■ **WHAT YOU HAVE TO DO**: For the records below, output word for word the lines from the one with "A glass display" up to and including the one with "a balcony with furniture and a potted plant". No pictures.

■ **SUPPLIED MATERIAL**:

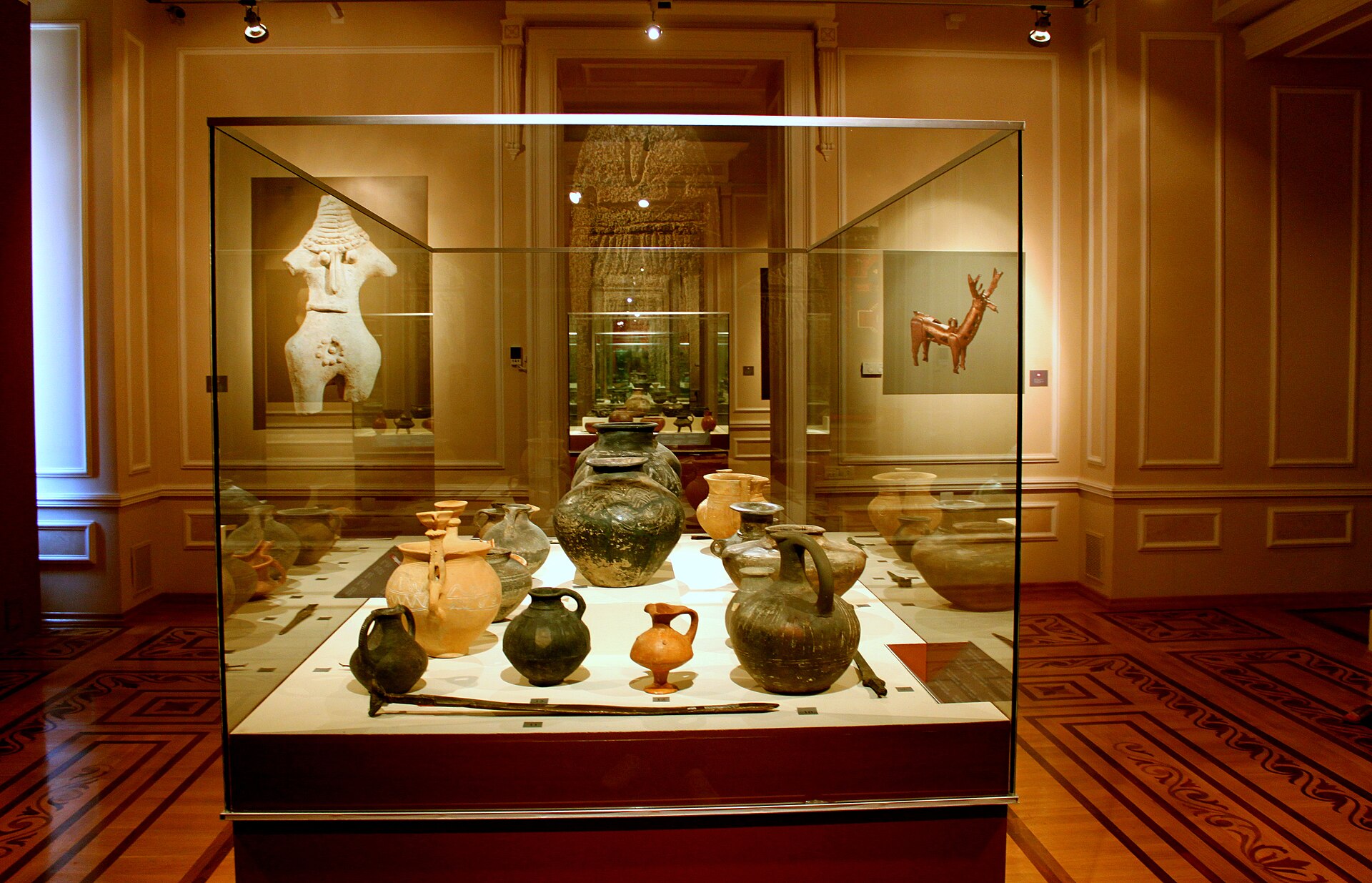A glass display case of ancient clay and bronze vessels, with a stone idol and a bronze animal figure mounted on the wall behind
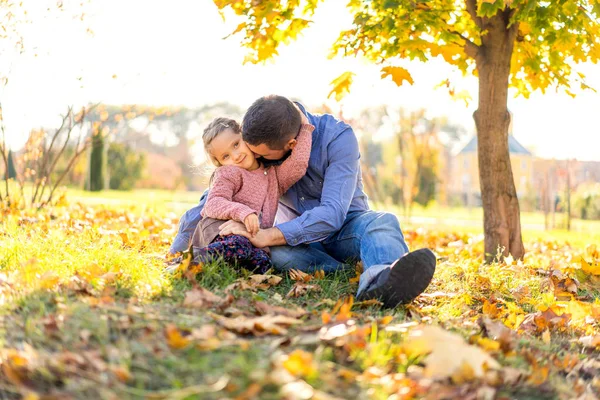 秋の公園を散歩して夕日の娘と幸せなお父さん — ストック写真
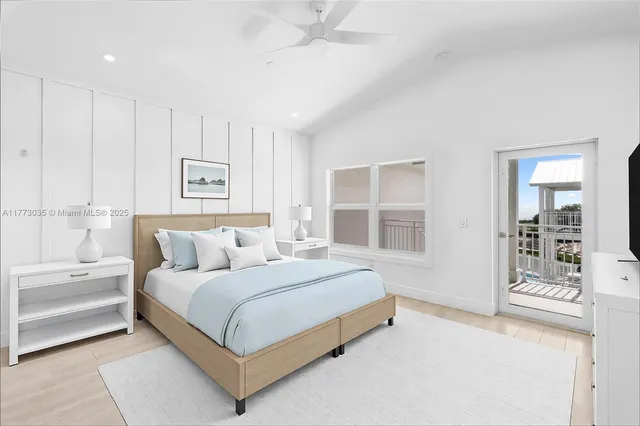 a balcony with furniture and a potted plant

...

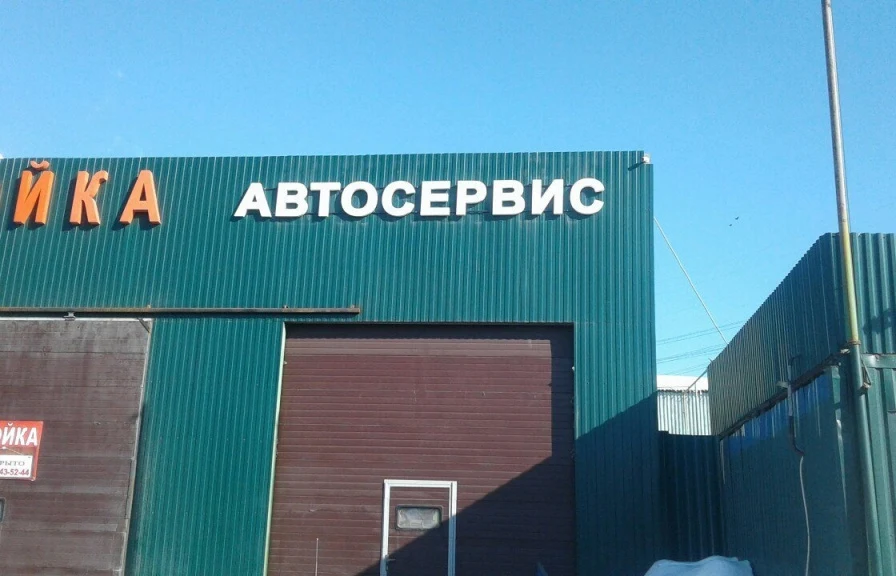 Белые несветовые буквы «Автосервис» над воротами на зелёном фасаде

■ **ANSWER**:
A glass display case of ancient clay and bronze vessels, with a stone idol and a bronze animal figure mounted on the wall behind
 秋の公園を散歩して夕日の娘と幸せなお父さん — ストック写真
 a balcony with furniture and a potted plant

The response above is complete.